JPMorgan Chase CEO Jamie Dimon announced on a conference call yesterday that the bank suffered $2 billion in losses from a risky trade that turned sour. The trade dents Dimon’s case that Wall Street can responsibly manage itself and yet again proves the need for a strong Volcker Rule, which could largely ban such risky trades at federally-insured institutions.


“There were many errors, sloppiness and bad judgment,” Dimon said as the company’s stock fell in extended trading. “These were egregious mistakes, they were self-inflicted.” Those errors, however, could have been prevented were it not for extensive lobbying efforts from banks like JPMorgan, which has spent nearly $10 million on lobbying since the beginning of 2011 (including nearly $2 million already this year). Dimon, in fact, was in Washington just last week to personally lobbythe Federal Reserve to weaken the Volcker Rule.
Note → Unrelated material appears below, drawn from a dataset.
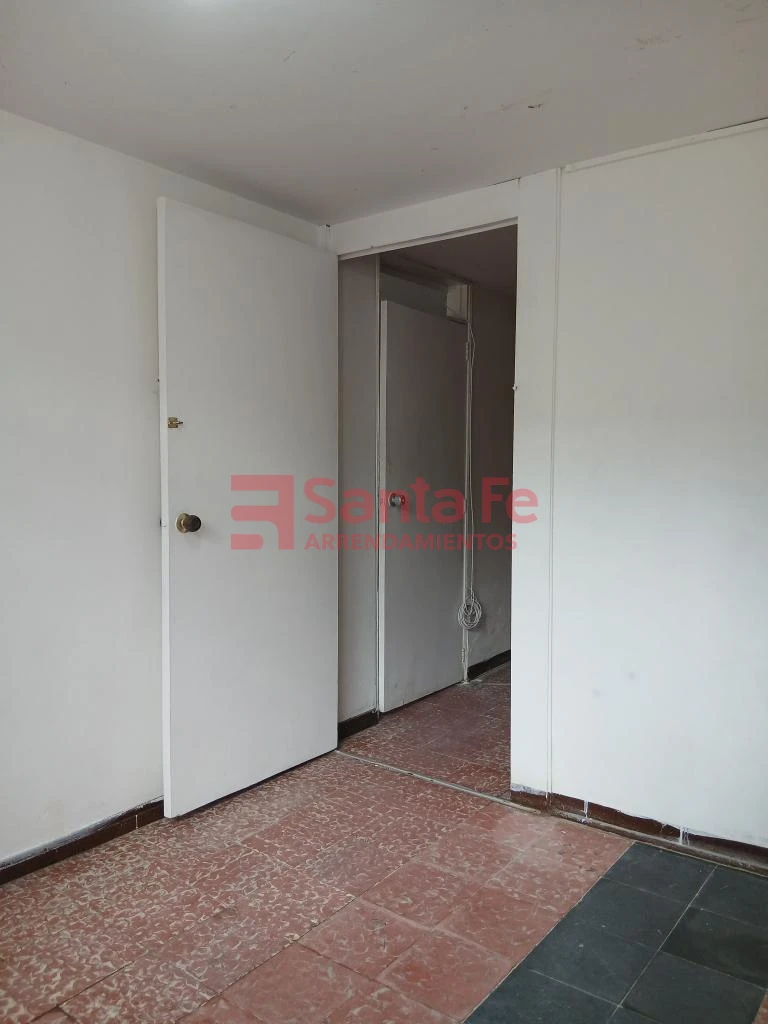 Local en La América, Medellín — foto 12
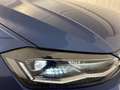 Volkswagen Polo 5p 1.6 tdi highline 95cv dsg Blu/Azzurro - thumbnail 12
Those lobbying efforts have worked. Dimon insists that the trade-gone-wrong was a hedge, not a proprietary bet, and as such would not be banned under Volcker. The only reason that’s true, however, is because Dimon is referring to the trade as a “hedge” to exploit a loophole Wall Street banks and their Republican allies helped insert into the watered-down version of the Volcker Rule that was included in the Dodd-Frank Wall Street Reform Act. That’s a loophole Sens. Carl Levin (D-MI) and Jeff Merkley (D-OR) have been trying — unsuccessfully — to close, as Bloomberg notes:
Levin and Merkley, in their February comment letter, pushed regulators to tighten the exemption for hedging, calling some of what may be allowed a “major weakness” in the rule.
Dimon acknowledged that the losses would lead to scrutiny and calls for a tougher Volcker Rule yesterday, saying the blunder “plays right into the hands of a bunch of pundits out there.” What Dimon ignores, though, is that yesterday’s massive loss — big even by JPMorgan’s lofty standards — does in fact exemplify the need for such a rule. For years, banks have made billions in profits from risky bets like this one, but when too many of the deals went bad in 2008, they turned to taxpayers for a bailout.

Thursday’s events prove that Wall Street hasn’t learned its lesson from the last crisis, and that America’s “too big to fail” institutions are too irresponsible to avoid failure. The Volcker Rule,watered down as it may be, is aimed at preventing that. Unfortunately, Dimon and his Wall Street colleagues remain committed to making sure it won’t.